SELECT a.userId
FROM (
SELECT userId, ARRAY_AGG(action) AS action_list FROM user_logs GROUP BY userId
) a
WHERE ARRAY_LENGTH(["login","purchase","logout"]) <= ARRAY_LENGTH(a.action_list)
AND "login" NOT IN ARRAY_SYMDIFF(["login","purchase","logout"],a.action_list)
AND "purchase" NOT IN ARRAY_SYMDIFF(["login","purchase","logout"],a.action_list)
AND "logout" NOT IN ARRAY_SYMDIFF(["login","purchase","logout"],a.action_list)
In that situation INTERSECT will be better. If that is not ideal more subqueries will work.
Also you can try this and see which option works and performs better.
SELECT userId FROM user_logs
LET login = (SELECT RAW userId FROM user_logs WHERE action = "login")
LET logout= (SELECT RAW userId FROM user_logs WHERE action = "logout")
WHERE action = "purchase" AND ARRAY_LENGTH(ARRAY_INTERSECT([userId],login,logout)) > 1;
SELECT userId FROM user_logs
WHERE action = "purchase" AND ARRAY_LENGTH(ARRAY_INTERSECT([userId], (SELECT RAW userId FROM user_logs WHERE action = "login"), (SELECT RAW userId FROM user_logs WHERE action = "logout"))) > 1;
For the sake of simplicity (since I’m generating dynamic queries using the DSL) I decided to use INTERSECT. One last question though.
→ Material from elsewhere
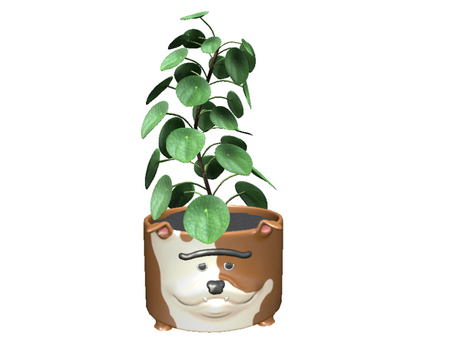 Second Life Marketplace - 5. -MUSU- Puppy Pot (Bulldog - Money Tree)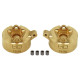 Extra Heavy Brass Front Steering Knuckle SCX24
Please look at the following query:
SELECT userId
FROM user_logs
WHERE action = "login"
INTERSECT
SELECT userId
FROM user_logs
WHERE action = "purchase"
ORDER BY userId
LIMIT 50
OFFSET 0;
In this case to which query does ORDER BY, LIMIT and OFFSET belong to? Actually I want it to be part of the whole query so should I use parantheses?